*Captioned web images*

------------------------------------------------------------

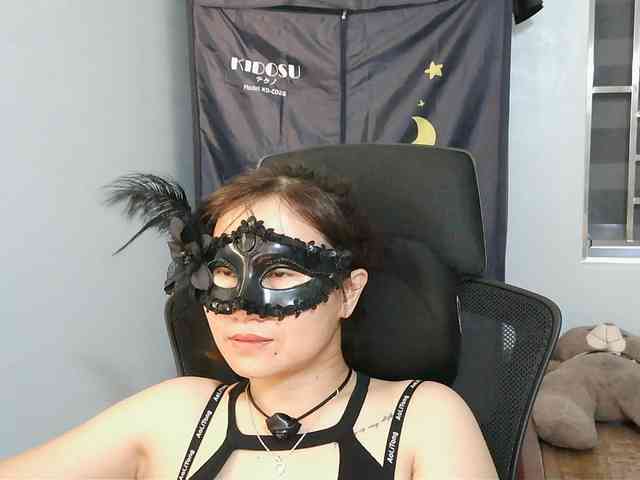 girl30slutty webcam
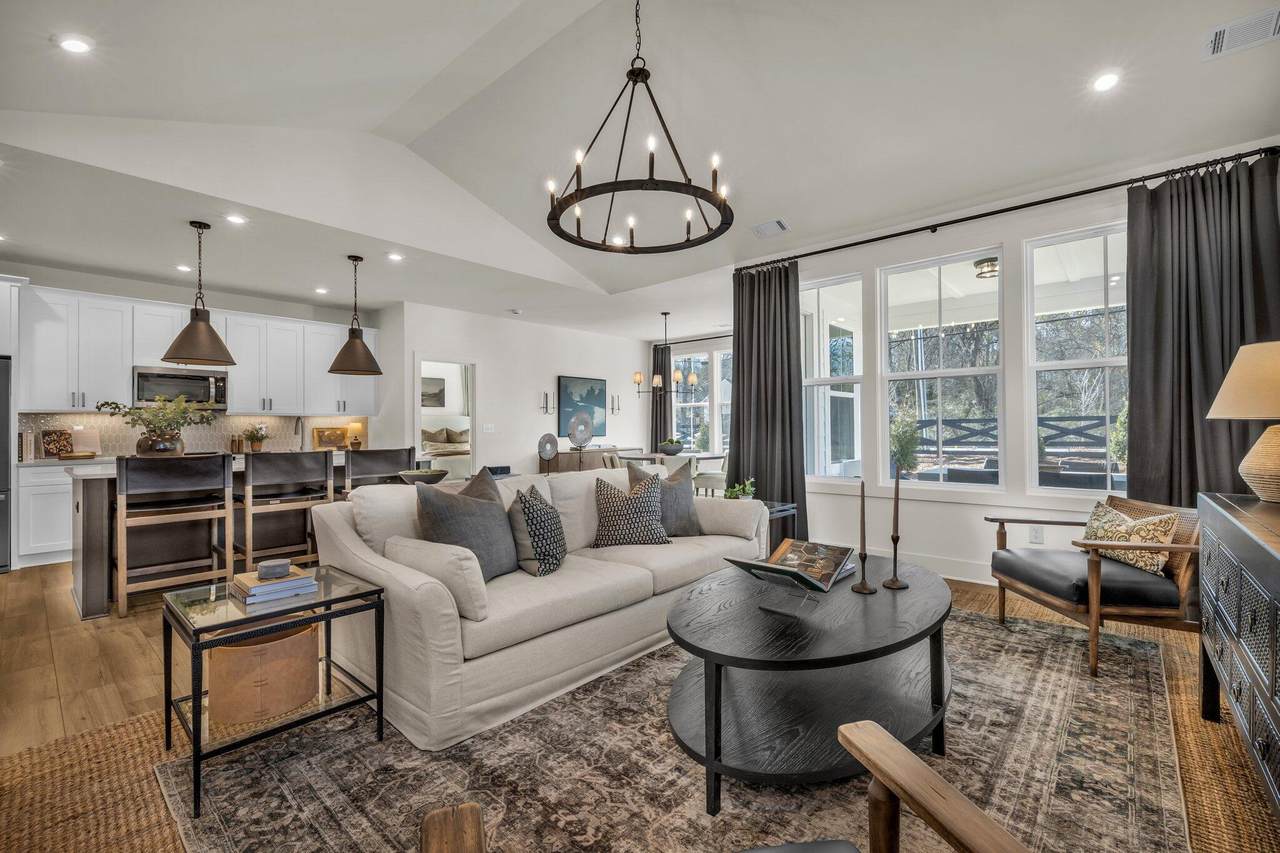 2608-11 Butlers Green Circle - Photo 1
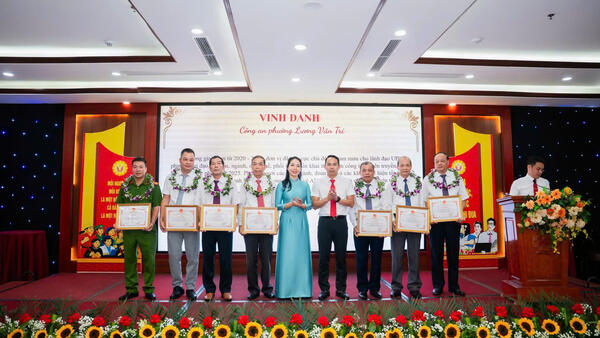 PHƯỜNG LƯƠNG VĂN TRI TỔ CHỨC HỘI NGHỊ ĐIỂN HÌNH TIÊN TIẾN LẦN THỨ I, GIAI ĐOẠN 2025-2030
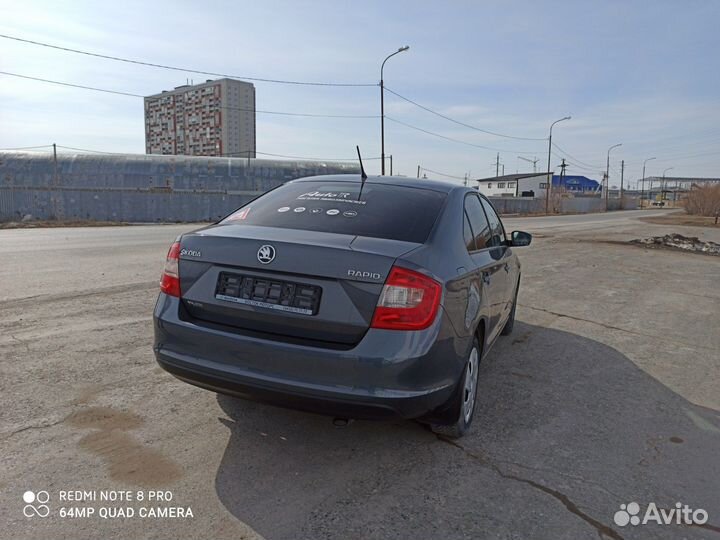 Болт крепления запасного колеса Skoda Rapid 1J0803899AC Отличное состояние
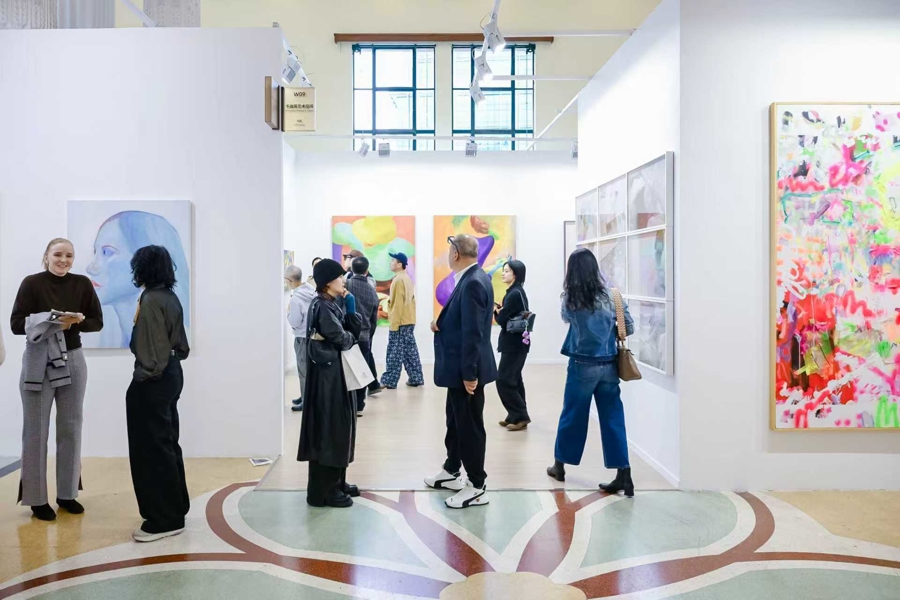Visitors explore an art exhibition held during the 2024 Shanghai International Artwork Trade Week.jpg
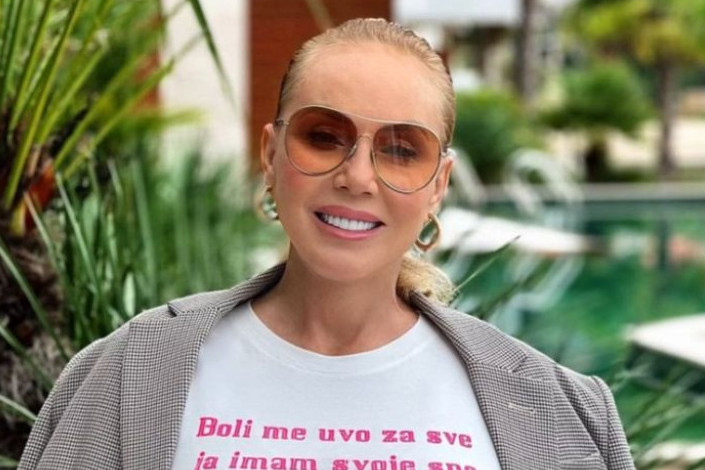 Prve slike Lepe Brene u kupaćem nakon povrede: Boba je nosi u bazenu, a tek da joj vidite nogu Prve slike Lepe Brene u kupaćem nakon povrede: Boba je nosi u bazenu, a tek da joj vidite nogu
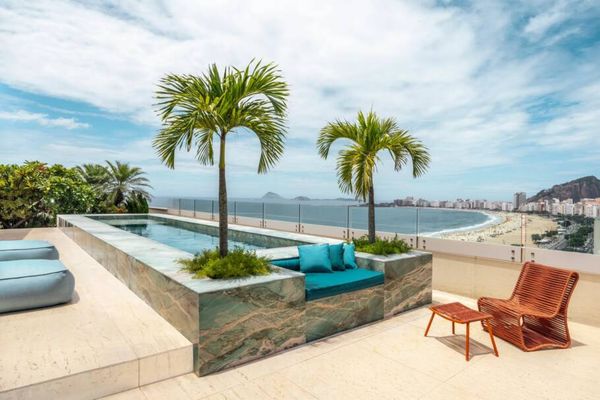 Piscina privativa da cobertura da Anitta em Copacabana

------------------------------------------------------------

*Work to complete*
The reply should hold exactly the lines above, starting at the line with "PHƯỜNG LƯƠNG VĂN" and ending at the line with "Visitors explore an", and no pictures.

*Response to this task*
 PHƯỜNG LƯƠNG VĂN TRI TỔ CHỨC HỘI NGHỊ ĐIỂN HÌNH TIÊN TIẾN LẦN THỨ I, GIAI ĐOẠN 2025-2030
 Болт крепления запасного колеса Skoda Rapid 1J0803899AC Отличное состояние
Visitors explore an art exhibition held during the 2024 Shanghai International Artwork Trade Week.jpg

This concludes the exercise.